***** Supplied material
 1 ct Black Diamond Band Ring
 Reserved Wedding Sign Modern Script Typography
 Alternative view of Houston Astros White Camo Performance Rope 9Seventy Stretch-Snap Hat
**********
» **Task directions**: Every line of the data must be written out again word for word.

» **Task answer**:
 1 ct Black Diamond Band Ring
 Reserved Wedding Sign Modern Script Typography
 Alternative view of Houston Astros White Camo Performance Rope 9Seventy Stretch-Snap Hat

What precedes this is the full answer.